It is not expected that any matter not referred to herein will be presented
for action at the 1998 Annual Meeting. If any other matters are properly
brought before the 1998 Annual Meeting and any adjournments or postponements
thereof, the persons named in the Proxies will have discretion to vote on such
matters in accordance with their best judgment. The grant of a Proxy will also
confer discretionary authority on the persons named in the Proxy as Proxy
appointees to vote in accordance with their best judgment on matters incident
to the conduct of the 1998 Annual Meeting, including postponement or
adjournment for the purpose of soliciting additional votes.
A stockholder may revoke a Proxy at any time prior to its use by delivering
to the Secretary of the Company a signed notice of revocation or a later dated
signed Proxy or by attending the 1998 Annual Meeting and voting in person.

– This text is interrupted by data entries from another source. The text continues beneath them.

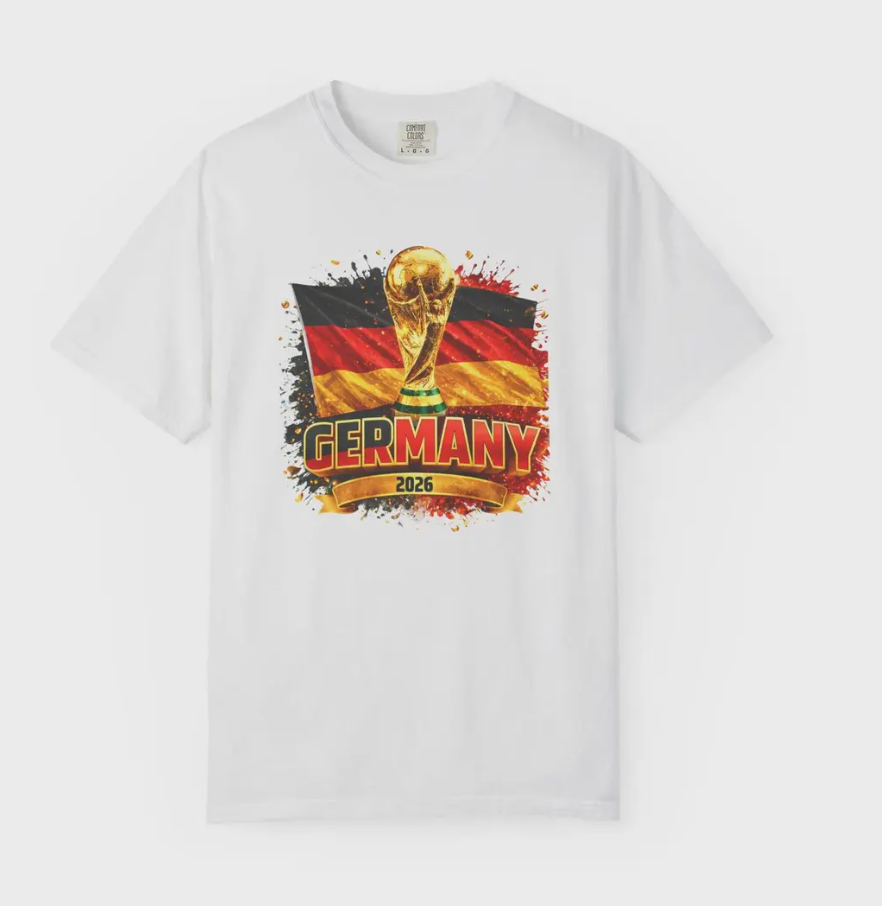 Germany World Cup Shirt Trophy 2026 T-shirt | German Flag Soccer Tee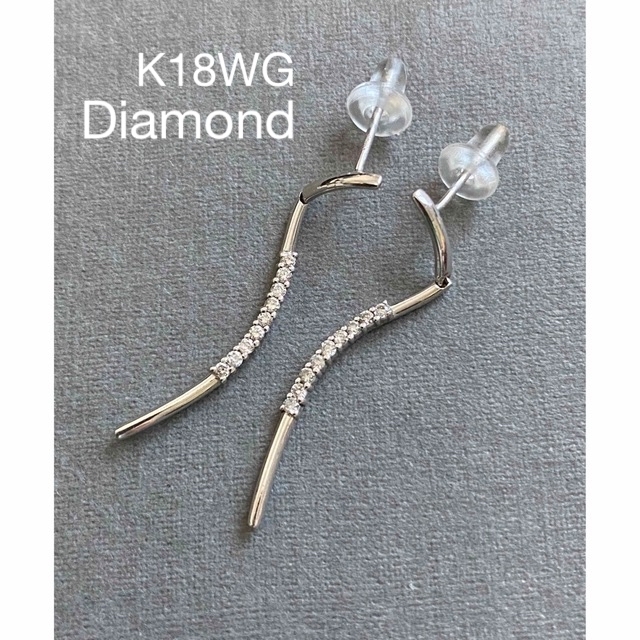 K18WG ダイヤモンド ピアス ノーブランド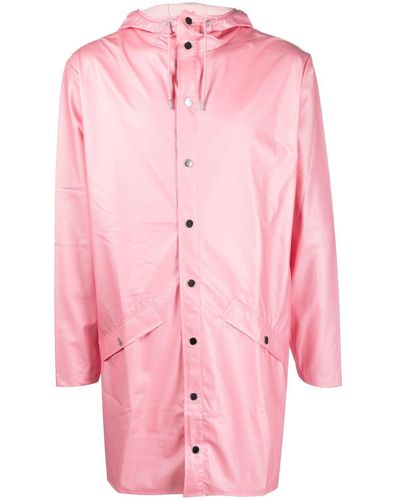 Rains Zip-up Hooded Raincoat - Pink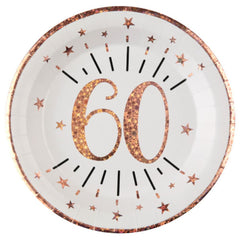 sparkling-rose-gold-age-60-plates-x-10|734800000060|Luck and Luck| 1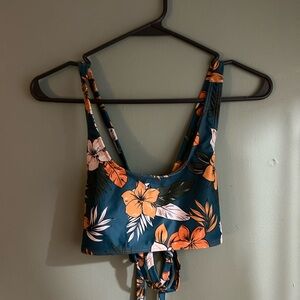 Vibrant Blue and Orange Crop Bikini Top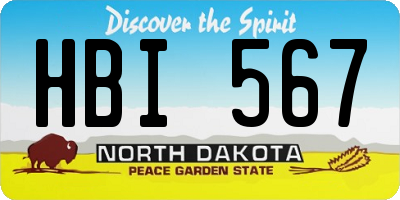 ND license plate HBI567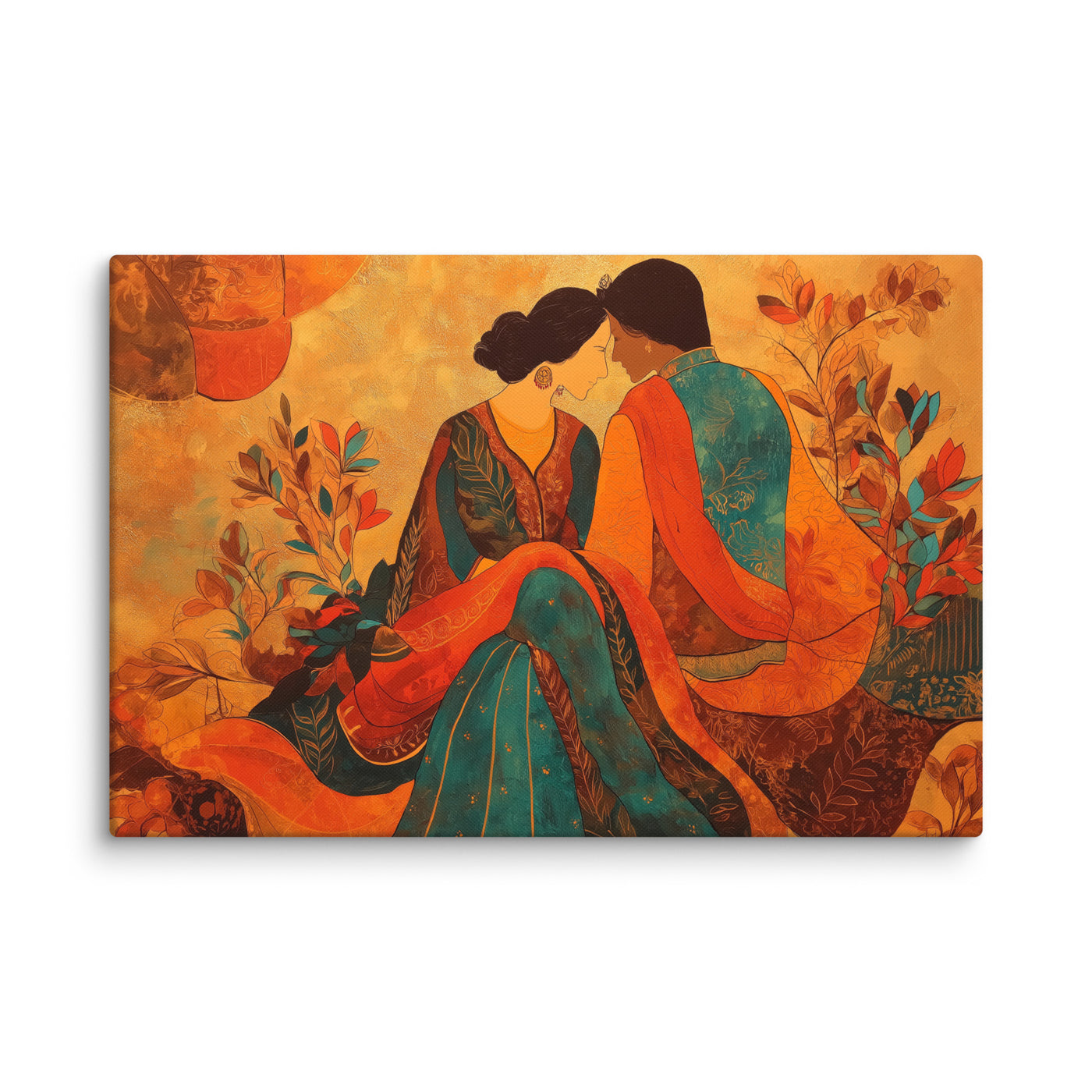 Amber Embrace of Anarkali & Salim – Mughal Romance Canvas Art — view 3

Attendance at the 1998 Annual Meeting will not in itself constitute the
revocation of a Proxy.
The cost of solicitation of Proxies will be paid by the Company. In addition
to solicitation by mail, Proxies may be solicited in person by directors,
officers and employees of the Company without additional compensation, and by
telephone, telegram, facsimile or similar method. Arrangements will be made
with brokerage houses and other custodians, nominees and fiduciaries to send
Proxy material to beneficial owners; and the Company upon request, will
reimburse them for their reasonable expenses in so doing.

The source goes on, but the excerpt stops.